İşte bu yazıyı okuyunca aklıma hemen Suriye’yle savaşa karşı çıkan, Kürt sorununu savaşla değil masada çözülmesini savunan ve NATO’da kalınmasında ısrar eden komutanların Gülenci diye nasıl apar topar atıldıkları yada hapsedildikleri aklıma geliyor. Tam da Recep Tamam Erdoğan, Suriye sınırında savaşa hazırlanırken, bilhassa Balyoz grubundaki komutanların emekli edilmesi acaba savaşa karşı olmaları olasılığını da beraberinde getirir mi? Bence konuşulmasa da getirir, çünkü bu terfiler yada emekli edilmelerin hemen hemen başka bir izahı yok, terfi etmese de beklemeye alınmayan komutanların başka açıklaması yok gibi.
Konuyu başka bir komutanla konuştuğumda bana "Sorgulayan komutanların birçoğu emekli edildi, emredersinizciler terfi aldı yada orduda kaldılar. Aslında Ergenekon ve Erdoğan için sadece ülkeyi şekillendirmede kullanışlı olanla, egemen iradenin buyruğuna mutlak itaat edenle çalışmak esas olduğundan stratejik vizyon, sistemle mücadele, sisteme etkide bulunma gibi birtakım potansiyel birikime, 'şahin' niteliğe sahip herkes bu irade karşısında potansiyel bir tehdit ve risktir. Tasfiye edilenlerde de bu potansiyel mevcuttur. Neredeyse çoğunluğu karakter ve birikim itibarıyla bu şahinliğe sahip kişilerdir ama kullanışlılık sürelerini doldurdular. Artık ülkede gerilimin azaltılması için onlara nazaran daha mülayim, daha yumuşak başlı, egemen iradeyle daha uyumlu çalışacak, her buyruğa itirazsız itaat edecek askerlerin yönetime getirilmesi gerekiyordu. Nitekim terfi edenlerin karakter ve mesleki teamülleri dikkate alındığında bu durum çok net olarak görülüyor." diye açıkladı.

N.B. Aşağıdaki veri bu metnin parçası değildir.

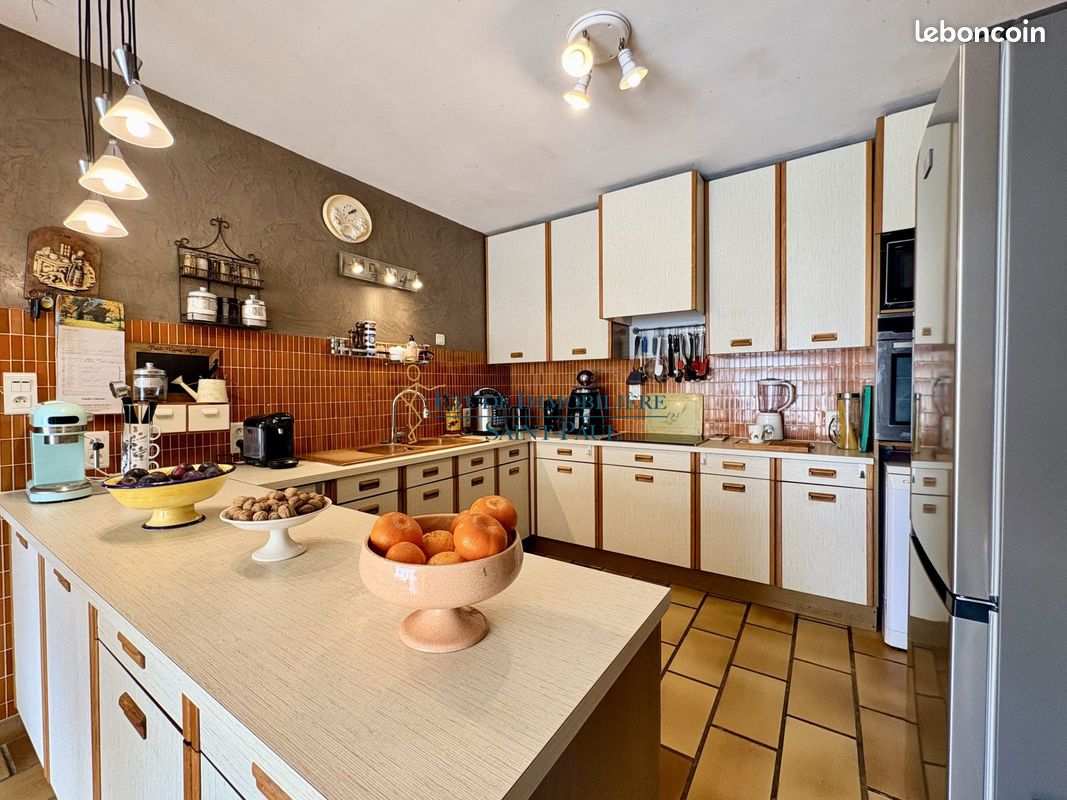 Maison 5 pièces 166 m² · à Vendres · 166 m² · 370 000 €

Bütün bunlara karşın Türkiye, Suriye’de Suriye Kürdistanı’ndan dolayı ABD’nin açıklamalarına karşın bir savaşa girecek mi, yoksa kendisine verileni kabul etmek zorunda mı kalacak. Bu soru Erdoğan’a değil, kalan komutanlara, onların bile yanıtlamakta zorlanacağı bir soru. Birisi genelkurmay başkanı Yaşar Güler’e 15 Temmuz gecesinin bittiğini, Hulusi Akar’ın artık genelkurmay başkanı olmadığını, bu konuda 1-2 kelam etmesi gerektiğini söylemesi gerek.